The Maine Educational Policy Research Institute (MEPRI) has published two new reports based on a study of the strategies and challenges involved in supporting preK–12 students and teachers during the COVID-19 pandemic.

One report focuses on strategies for supporting the instructional and mental health needs of teachers, while the other examines supports for student learning, health and mental health. The Maine Legislature commissioned both reports to better understand how schools in the state and nationwide are supporting students and teachers during this challenging time when normal teaching and learning practices have been disrupted.

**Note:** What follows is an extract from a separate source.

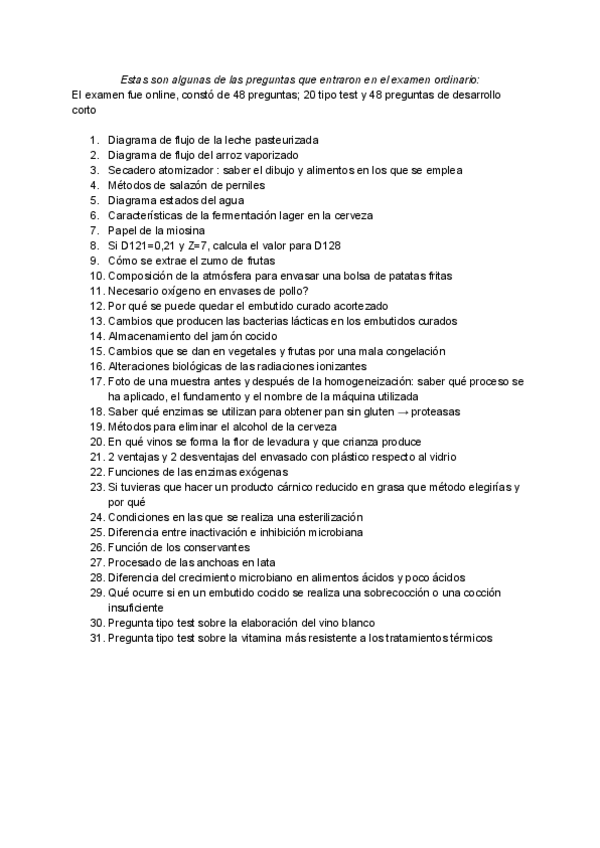 Miniatura del documento EXAMEN-PROCESADO-2020.pdf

The reports are based on a fall 2021 survey of Maine school district curriculum directors, as well as a review of academic literature on national educational practices during the pandemic and American Rescue Plan Act applications that all states submitted to the federal government describing how they would use relief money to support elementary and secondary schools.

Both reports note that “Maine was better positioned than many states because of the Maine Learning Technology Initiative (MLTI) supporting 1:1 laptop or iPad access statewide for all middle school students and teachers and some secondary students and teachers over the past 20 years.” Still, teachers had to adapt curriculum, and both students and teachers had to learn new instructional technologies and platforms in a short period of time, especially early in the pandemic.

One finding that emerged from the survey of Maine curriculum directors was that 51 school districts, out of 66 that completed the survey, reported adopting at least one new online learning opportunity for students during the pandemic. The same number adopted some practices to support students such as tutoring, mentoring, home visits, counseling and other outreach to families. Just under half of the responding districts (29) adopted a four-day in-person and one-day asynchronous school schedule during the pandemic.

The reports are available on the MEPRI website.

MEPRI is a partnership between the University of Maine College of Education and Human Development and the University of Southern Maine established by the Maine Legislature in 1995 to provide policymakers, including the legislature’s Joint Standing Committee on Education and Cultural Affairs and the Maine Department of Education, with objective data, policy research and evaluation of educational needs, services and impacts in Maine’s preK–12 schools.

MEPRI researchers will brief members of the legislature on the reports’ findings later this year.